Each embedding has a size of 1024 for which dimensionality reductions is also required.
The unsupervised clustering exploration allows to chose between 2 dimensionality reduction methods (PCA and UMAP) and 3 clustering methods (KMeans, Gaussian Mixture Models and Spectral clustering) from sklearn library. The implementation requires the user to define the number of clusters.
- read_cell_detections_perform_clustering.py Script to execute the cell feature extraction and unsupervised clustering
- config.yaml Configuration yaml file to be used as input for the python script.
The config.yaml is used as input for the python script and should contain the following arguments:
- model_dir -> string. Directory where Hibou-L model is stored.
- cell_padding -> int. Number of pixels to pad the cell image.
- cell_masking -> bool. Indicate the cell image should be masked for the feature extraction.
- magnification -> float. Magnification to use to extract the cell images.
- model_name -> string. Model name used to extract the cell embeddings.
- model_version -> string. Version of the code.
- n_clusters -> int. Number of clusters (>=2).
- cluster_method -> sting. Name of the unsupervised clustering method. Available options are KMeans (KMeans), Spectral clustering (Spectral) and Gaussian Mixture Model (GMM) from sklearn.
- reducer_method -> string. Name of the dimensionality reduction method.

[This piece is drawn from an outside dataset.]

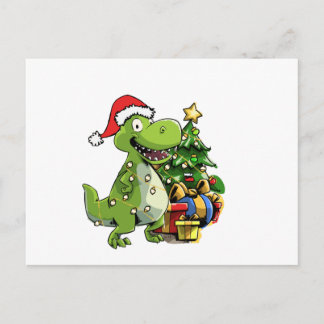 Funny Christmas T Rex, Xmas Dinosaur ポストカード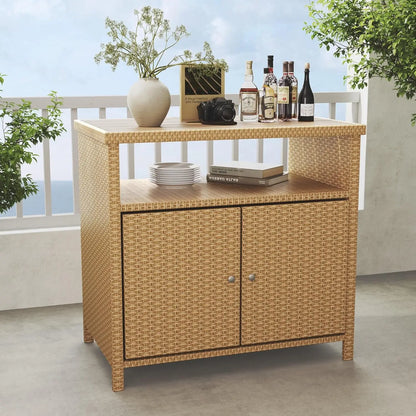 Waterproof Wicker Storage Buffet Outdoor Patio Bar Table with Two Doors and Shelves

Available methods are PCA and UMAP.
NOTE: in the magnification argument, you should use the base magnification of the image as of today version the code does not perform coordinate conversion from magnification x to magnification y.
python read_cell_detections_perform_clustering.py \
-config /path/to/configuration/yamlFileConfiguration
-output /path/to/outputDirectory
-wsi /path/to/wsi/WSI.svs
-anno /path/to/cellDetections/WSI_annotations.geojson
The script will save in the output_path:
- a H5 file which contains all cell information ['points', 'nuclei_type', 'id', 'cell_centroid', 'cell_bbox', 'cell_feature'];
- a GEOJSON file with the WSI cell information including the unsupervised cluster per cell.
GEOJSON structure:
{
"type": "Feature",
"geometry": {
"type": "Polygon",
"coordinates": [ ... ] // WSI coordinates of the cell's boundary
},
"properties": {
"id": "unique_cell_id",
"model_label": "Cluster X", // Where X is your unsupervised cluster ID (1-n)
"model_class_id": X, // The integer ID of the cluster
"model_magnification": 40, // The magnification at which you processed the slide
"class_type": "object",
"model_name": "HibouLCellVIT",
"model_version": "1.0",
"anet_class_label": "Cluster X", // Same as model_label
"slide": "slide_name.svs"
}
}
- Citlalli Gámez Serna - September 2025
03.09.2025